Problem details. In the records below, begin at the line that has "Beautiful home in NWX! A/C!" and stop after the line that has "تیبا مدل 94"; quote those lines verbatim and nothing more.

Available data.
----------------------------------------
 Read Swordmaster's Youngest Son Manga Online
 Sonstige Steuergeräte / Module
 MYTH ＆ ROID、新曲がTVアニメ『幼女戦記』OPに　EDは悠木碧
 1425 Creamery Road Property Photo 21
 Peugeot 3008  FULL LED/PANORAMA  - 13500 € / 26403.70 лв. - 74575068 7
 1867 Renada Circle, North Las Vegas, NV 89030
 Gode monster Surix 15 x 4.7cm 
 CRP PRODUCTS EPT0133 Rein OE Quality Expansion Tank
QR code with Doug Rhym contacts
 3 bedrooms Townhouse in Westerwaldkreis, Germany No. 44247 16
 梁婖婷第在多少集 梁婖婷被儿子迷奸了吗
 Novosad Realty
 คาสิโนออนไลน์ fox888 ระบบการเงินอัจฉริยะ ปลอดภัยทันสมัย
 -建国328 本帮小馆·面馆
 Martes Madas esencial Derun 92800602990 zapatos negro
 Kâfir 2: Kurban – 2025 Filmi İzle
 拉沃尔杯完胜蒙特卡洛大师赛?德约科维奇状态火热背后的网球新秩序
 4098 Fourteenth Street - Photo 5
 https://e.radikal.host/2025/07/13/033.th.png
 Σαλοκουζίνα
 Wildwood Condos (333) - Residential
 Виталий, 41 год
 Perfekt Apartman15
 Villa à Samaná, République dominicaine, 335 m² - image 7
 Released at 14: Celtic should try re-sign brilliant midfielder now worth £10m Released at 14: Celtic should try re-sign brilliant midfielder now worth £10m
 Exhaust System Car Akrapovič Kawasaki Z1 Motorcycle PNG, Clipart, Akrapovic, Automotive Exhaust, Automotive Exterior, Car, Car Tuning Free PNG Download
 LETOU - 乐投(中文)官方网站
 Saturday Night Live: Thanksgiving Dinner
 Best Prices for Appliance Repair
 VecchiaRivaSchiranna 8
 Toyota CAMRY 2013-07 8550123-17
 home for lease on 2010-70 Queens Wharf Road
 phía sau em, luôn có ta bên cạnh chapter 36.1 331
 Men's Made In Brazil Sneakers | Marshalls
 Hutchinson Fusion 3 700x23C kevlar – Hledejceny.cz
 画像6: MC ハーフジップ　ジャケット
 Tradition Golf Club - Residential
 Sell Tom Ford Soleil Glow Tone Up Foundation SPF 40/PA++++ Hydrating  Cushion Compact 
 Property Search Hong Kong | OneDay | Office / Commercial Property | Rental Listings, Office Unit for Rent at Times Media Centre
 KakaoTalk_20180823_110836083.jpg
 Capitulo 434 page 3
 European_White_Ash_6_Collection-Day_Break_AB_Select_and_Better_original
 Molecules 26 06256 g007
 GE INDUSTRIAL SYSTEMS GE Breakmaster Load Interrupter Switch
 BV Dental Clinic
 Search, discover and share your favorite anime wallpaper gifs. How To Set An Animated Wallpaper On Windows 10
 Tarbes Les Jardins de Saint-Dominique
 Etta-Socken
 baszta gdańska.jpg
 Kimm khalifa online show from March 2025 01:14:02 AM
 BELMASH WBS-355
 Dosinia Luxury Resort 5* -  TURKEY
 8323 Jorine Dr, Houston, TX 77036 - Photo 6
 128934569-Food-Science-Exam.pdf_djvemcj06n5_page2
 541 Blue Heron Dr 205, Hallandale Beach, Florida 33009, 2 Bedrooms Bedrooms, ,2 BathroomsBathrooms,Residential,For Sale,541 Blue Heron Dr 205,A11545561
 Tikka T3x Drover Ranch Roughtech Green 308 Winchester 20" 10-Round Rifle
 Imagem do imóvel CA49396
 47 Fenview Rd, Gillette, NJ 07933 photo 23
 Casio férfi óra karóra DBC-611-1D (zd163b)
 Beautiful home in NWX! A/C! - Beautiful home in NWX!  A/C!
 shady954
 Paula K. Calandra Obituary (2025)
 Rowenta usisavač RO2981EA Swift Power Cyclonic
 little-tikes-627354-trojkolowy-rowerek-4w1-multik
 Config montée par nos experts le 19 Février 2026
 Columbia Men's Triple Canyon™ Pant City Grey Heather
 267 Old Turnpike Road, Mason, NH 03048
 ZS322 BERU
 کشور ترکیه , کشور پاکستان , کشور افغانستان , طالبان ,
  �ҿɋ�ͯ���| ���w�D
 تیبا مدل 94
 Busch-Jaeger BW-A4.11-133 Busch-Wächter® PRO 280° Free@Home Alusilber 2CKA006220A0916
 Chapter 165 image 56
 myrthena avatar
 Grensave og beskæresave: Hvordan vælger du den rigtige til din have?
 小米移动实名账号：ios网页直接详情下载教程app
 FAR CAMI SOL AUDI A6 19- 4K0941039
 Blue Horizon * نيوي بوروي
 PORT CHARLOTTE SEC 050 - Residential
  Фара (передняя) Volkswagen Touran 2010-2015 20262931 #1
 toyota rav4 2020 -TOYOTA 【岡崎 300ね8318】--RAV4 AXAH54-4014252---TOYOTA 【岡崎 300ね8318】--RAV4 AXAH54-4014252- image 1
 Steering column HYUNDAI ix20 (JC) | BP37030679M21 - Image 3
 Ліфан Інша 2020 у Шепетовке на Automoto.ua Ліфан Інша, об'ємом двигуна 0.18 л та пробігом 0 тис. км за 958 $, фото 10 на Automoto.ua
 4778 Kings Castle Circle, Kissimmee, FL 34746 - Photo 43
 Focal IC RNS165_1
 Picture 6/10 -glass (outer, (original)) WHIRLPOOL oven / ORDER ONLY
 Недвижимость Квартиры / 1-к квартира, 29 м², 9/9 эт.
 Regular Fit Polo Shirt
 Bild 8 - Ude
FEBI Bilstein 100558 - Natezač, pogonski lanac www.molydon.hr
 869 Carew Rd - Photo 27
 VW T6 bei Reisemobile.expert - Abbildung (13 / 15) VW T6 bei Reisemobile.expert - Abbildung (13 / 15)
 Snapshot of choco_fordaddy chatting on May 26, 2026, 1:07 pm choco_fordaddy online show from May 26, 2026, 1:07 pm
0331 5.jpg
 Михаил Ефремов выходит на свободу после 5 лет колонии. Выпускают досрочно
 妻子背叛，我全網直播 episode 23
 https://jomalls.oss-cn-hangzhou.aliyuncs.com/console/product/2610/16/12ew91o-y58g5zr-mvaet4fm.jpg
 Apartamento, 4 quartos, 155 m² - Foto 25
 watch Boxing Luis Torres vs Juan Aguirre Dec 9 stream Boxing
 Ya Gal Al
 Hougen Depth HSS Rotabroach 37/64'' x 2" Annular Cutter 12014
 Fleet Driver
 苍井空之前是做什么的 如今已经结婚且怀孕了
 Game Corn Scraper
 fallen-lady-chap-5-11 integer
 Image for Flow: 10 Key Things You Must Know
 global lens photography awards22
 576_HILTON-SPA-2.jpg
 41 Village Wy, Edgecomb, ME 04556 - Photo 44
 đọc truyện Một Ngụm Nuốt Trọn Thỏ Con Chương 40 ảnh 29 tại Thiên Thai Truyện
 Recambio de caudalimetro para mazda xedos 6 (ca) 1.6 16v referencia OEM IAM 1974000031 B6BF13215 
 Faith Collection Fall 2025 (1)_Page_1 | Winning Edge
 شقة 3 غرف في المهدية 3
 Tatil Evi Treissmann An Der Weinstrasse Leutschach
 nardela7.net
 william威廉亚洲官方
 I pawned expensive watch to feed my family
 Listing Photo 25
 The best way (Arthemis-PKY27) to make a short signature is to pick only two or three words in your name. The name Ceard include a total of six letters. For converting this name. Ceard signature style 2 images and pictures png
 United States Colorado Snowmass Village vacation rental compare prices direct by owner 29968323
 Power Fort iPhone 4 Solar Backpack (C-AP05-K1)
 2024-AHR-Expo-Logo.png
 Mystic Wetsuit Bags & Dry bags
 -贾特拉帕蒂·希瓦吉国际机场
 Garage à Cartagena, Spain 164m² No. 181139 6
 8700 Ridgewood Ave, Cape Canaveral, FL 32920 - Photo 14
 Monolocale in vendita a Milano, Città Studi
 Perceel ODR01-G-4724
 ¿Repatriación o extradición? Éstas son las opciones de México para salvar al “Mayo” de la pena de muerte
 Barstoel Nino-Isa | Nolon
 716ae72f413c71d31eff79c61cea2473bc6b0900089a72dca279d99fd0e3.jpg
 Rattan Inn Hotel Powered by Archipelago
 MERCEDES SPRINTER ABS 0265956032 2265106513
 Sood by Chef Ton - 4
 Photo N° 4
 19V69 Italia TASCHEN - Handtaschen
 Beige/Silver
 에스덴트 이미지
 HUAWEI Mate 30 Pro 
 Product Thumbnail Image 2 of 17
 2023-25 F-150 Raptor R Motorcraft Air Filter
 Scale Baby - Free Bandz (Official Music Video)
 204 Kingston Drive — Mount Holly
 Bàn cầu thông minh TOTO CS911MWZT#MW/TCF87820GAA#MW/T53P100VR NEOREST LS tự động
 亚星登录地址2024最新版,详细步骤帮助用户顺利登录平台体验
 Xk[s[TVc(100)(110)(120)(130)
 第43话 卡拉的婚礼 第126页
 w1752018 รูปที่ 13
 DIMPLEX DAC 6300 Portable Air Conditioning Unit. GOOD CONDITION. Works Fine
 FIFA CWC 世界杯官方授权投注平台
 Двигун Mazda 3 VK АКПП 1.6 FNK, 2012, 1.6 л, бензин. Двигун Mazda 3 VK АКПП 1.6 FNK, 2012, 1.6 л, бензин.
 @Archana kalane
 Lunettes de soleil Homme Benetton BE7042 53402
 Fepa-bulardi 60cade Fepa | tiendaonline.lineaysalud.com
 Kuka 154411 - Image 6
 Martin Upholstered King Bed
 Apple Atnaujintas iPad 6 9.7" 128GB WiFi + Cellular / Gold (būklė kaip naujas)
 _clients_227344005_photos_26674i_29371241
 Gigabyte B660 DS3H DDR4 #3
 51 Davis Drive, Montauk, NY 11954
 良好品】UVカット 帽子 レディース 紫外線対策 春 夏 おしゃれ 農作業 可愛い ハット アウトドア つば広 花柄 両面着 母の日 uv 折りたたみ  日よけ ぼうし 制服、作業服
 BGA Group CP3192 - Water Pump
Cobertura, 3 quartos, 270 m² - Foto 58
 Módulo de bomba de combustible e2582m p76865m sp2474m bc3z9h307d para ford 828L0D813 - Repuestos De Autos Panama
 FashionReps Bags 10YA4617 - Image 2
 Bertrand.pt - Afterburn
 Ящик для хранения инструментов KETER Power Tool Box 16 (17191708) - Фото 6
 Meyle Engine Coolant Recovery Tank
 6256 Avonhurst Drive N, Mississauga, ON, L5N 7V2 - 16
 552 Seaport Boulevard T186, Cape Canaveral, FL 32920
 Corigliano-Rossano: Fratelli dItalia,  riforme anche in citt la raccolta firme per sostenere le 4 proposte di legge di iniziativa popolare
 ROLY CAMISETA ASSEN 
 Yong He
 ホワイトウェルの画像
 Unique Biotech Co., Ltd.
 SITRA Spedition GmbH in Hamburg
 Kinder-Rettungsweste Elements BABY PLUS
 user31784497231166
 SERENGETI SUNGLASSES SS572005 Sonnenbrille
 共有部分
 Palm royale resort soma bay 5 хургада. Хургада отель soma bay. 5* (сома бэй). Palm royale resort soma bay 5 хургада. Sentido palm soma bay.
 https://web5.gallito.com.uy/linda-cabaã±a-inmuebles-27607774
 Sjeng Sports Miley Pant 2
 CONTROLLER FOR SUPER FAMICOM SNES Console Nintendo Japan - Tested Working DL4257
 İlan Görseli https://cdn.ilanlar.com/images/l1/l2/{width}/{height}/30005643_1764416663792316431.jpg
----------------------------------------
Result of the exercise.
 Beautiful home in NWX! A/C! - Beautiful home in NWX!  A/C!
 shady954
 Paula K. Calandra Obituary (2025)
 Rowenta usisavač RO2981EA Swift Power Cyclonic
 little-tikes-627354-trojkolowy-rowerek-4w1-multik
 Config montée par nos experts le 19 Février 2026
 Columbia Men's Triple Canyon™ Pant City Grey Heather
 267 Old Turnpike Road, Mason, NH 03048
 ZS322 BERU
 کشور ترکیه , کشور پاکستان , کشور افغانستان , طالبان ,
  �ҿɋ�ͯ���| ���w�D
 تیبا مدل 94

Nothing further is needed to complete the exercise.